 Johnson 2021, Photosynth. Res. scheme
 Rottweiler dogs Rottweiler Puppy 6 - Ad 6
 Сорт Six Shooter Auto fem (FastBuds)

--

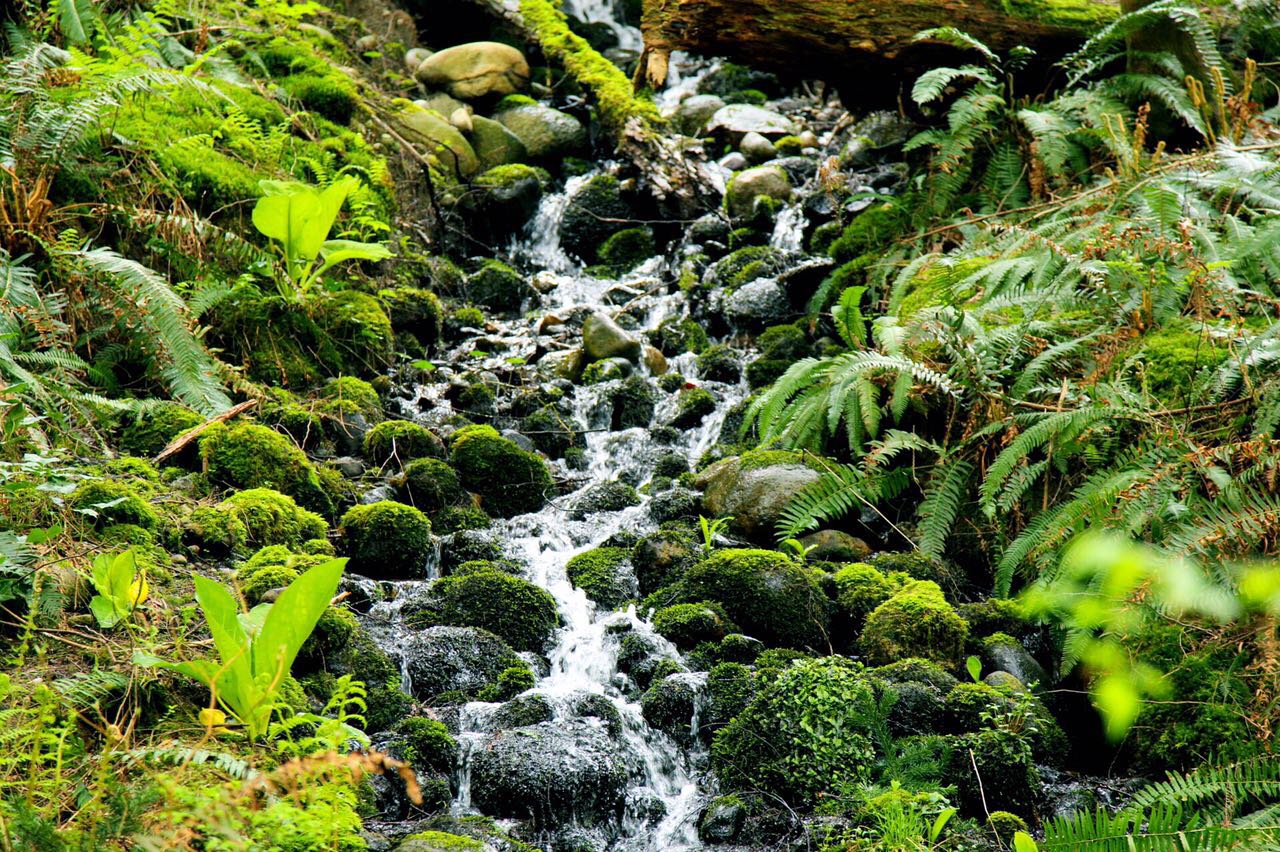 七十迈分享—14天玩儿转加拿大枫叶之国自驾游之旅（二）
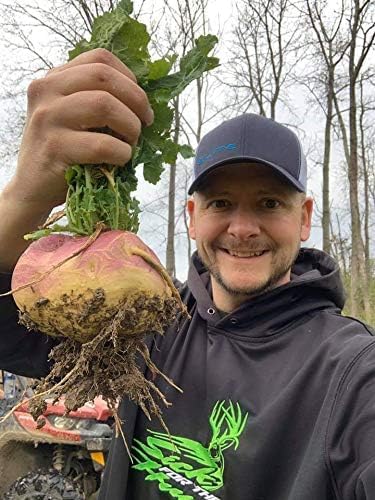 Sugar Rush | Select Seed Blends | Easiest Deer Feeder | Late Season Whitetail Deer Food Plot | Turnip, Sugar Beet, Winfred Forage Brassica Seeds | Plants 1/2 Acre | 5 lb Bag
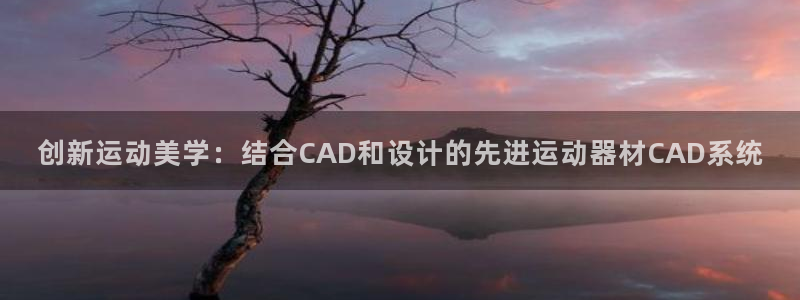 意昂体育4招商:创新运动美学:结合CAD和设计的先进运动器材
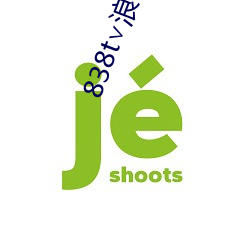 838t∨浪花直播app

* * *

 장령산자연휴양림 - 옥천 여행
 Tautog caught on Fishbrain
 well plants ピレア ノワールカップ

**Exercise directions**
From the material above, set down exactly the lines starting at the one with "Johnson 2021, Photosynth. Res. scheme" and ending at the one with "Сорт Six Shooter Auto fem (FastBuds)", end lines included.

**Exercise answer**
 Johnson 2021, Photosynth. Res. scheme
 Rottweiler dogs Rottweiler Puppy 6 - Ad 6
 Сорт Six Shooter Auto fem (FastBuds)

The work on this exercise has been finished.